AMY SCOTT: There are a few reasons investors might be buying Fannie, Freddie and AIG. The housing market has stabilized somewhat. AIG recently reported better than expected profits.
But here’s a reason not to buy: In all three cases, the federal government is a senior preferred shareholder. So if you’re a common stockholder, you have to wait in line for a share of any profits.
ROD SMYTH: You would be looking at a very long time before you actually got a return on your money, because the government must be paid back first.
That’s Rod Smyth with Riverfront Investment Group. He says investors may be thinking they have a better chance of making money.
SMYTH: If the stocks were priced that there was almost no chance, and now there’s a little bit of a chance, then the stock should be higher.
Just for some perspective, AIG traded at nearly $1,500 a share a few years ago. Now it’s around 50.
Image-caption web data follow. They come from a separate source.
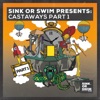 Sink Or Swim Presents: Castaways, Pt. 1 - EP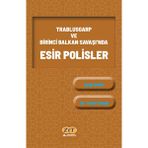 Zet Yayınları Trablusgarp ve Birinci Balkan Savaşı’nda Esir Polisler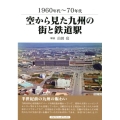 空から見た九州の街と鉄道駅 1960～70年代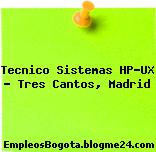 Tecnico Sistemas HP-UX – Tres Cantos, Madrid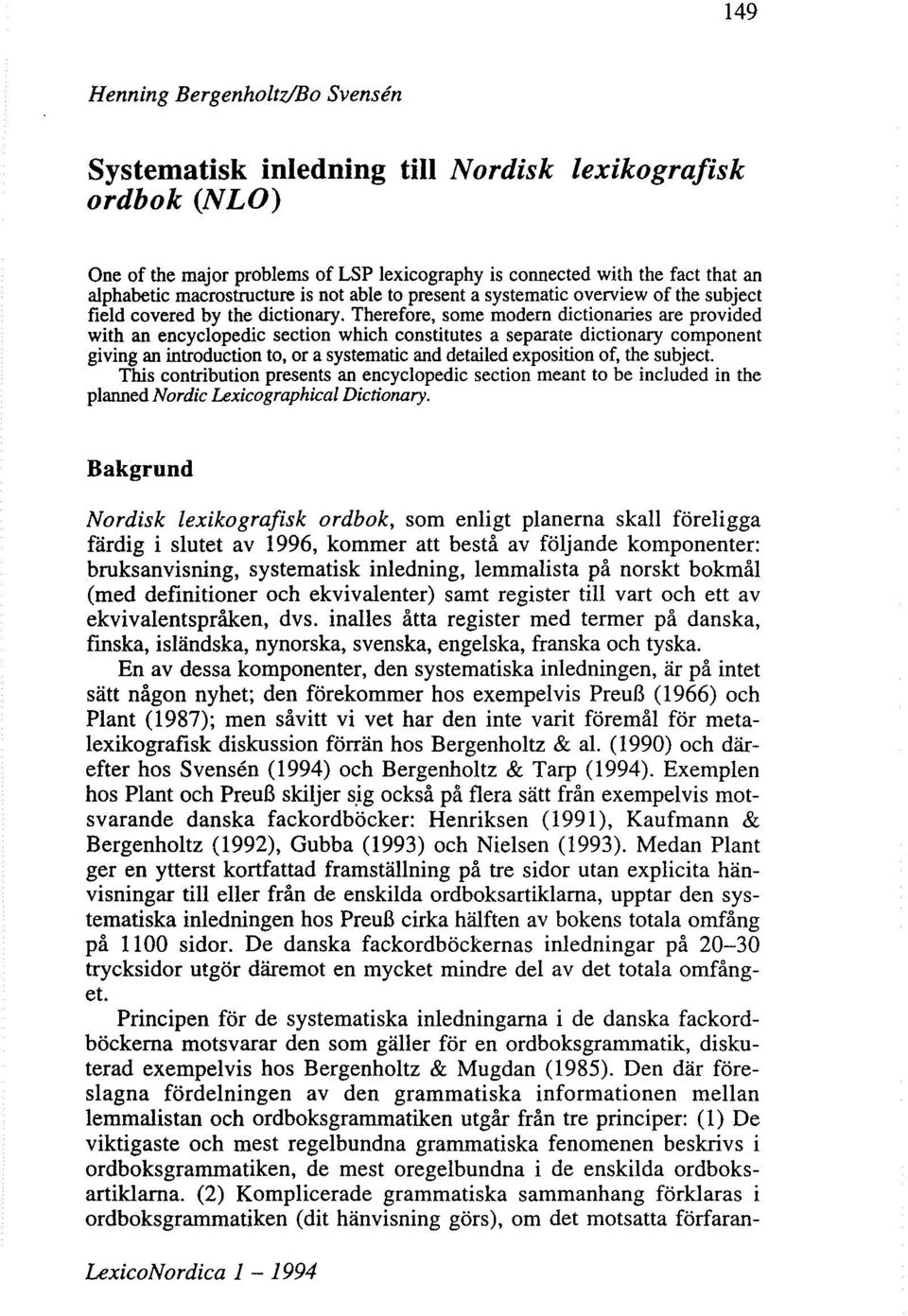 Therefore, some modem dictionaries are provided with an encyclopedic section which constitutes a separate dictionary component giving an introduction to, or a systematic and detailed exposition of,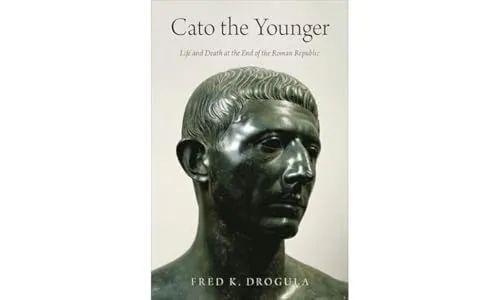 Cato the Younger: Life and Death at the End of the Roman Republic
Tom Mitchell follows financial stocks at Miller Tabak. He says eventually a higher stock price would help AIG raise capital. And that would help the company pay taxpayers back. But he says it’s not there yet.
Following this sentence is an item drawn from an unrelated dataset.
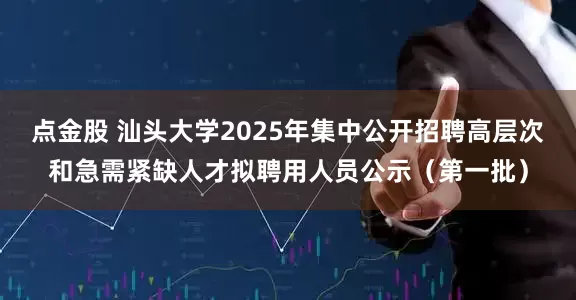 点金股 汕头大学2025年集中公开招聘高层次和急需紧缺人才拟聘用人员公示（第一批）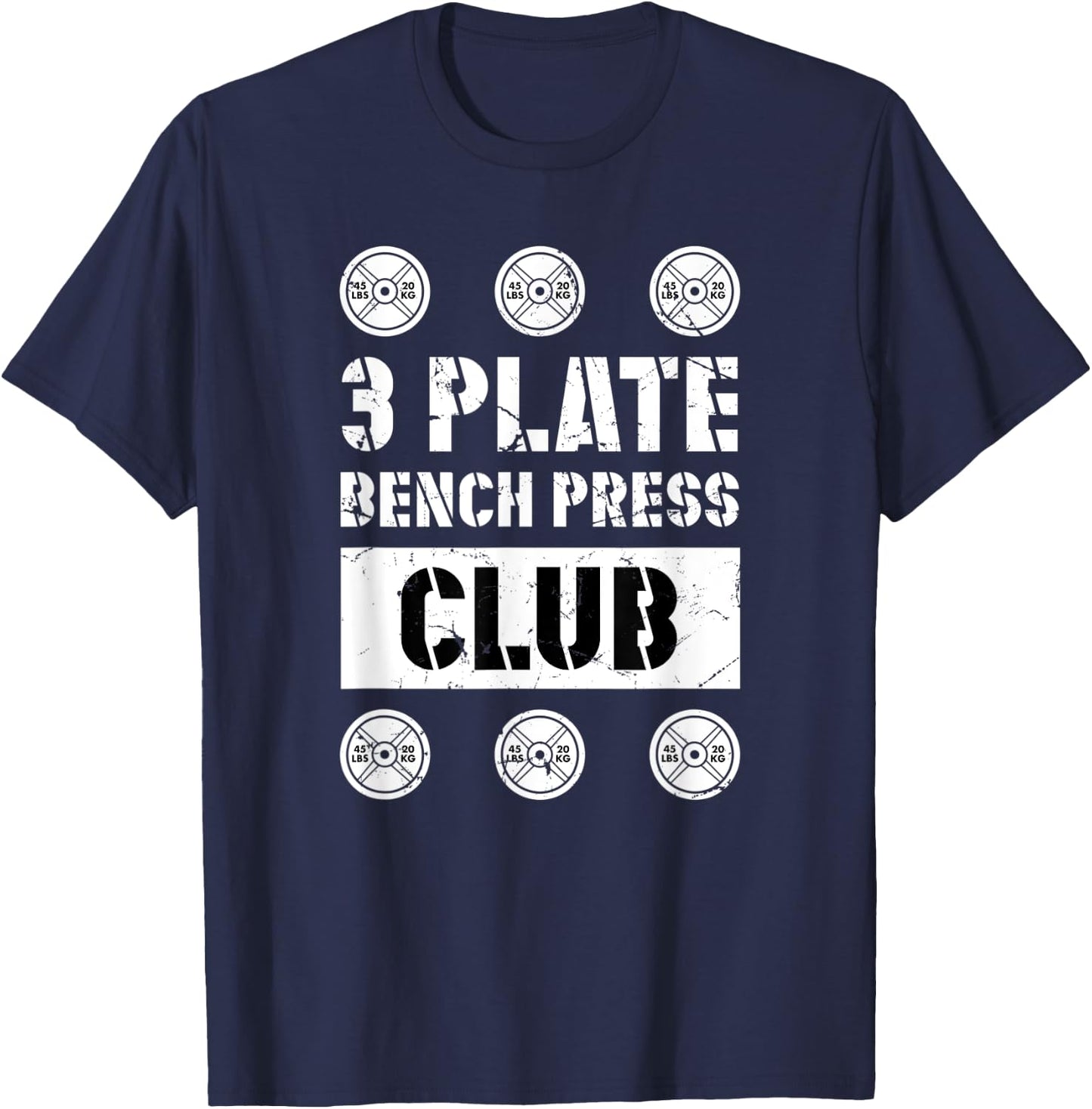 3 Plate Bench Press Club Powerlifting Weightlifting Strength T-Shirt - T-Shirt | Navy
TOM MITCHELL: AIG’s stock price has to go up by 10 or 20 times to really make a difference. That’s in our opinion. It needs to go up a lot more before the potential for raising new capital becomes significant enough that it would really effect the government’s position or its options.
Mitchell says a lot of the people buying AIG or Fannie Mae don’t necessarily believe in their long-term future. They’re speculators cashing in on short-term swings in prices.
In New York, I’m Amy Scott for Marketplace.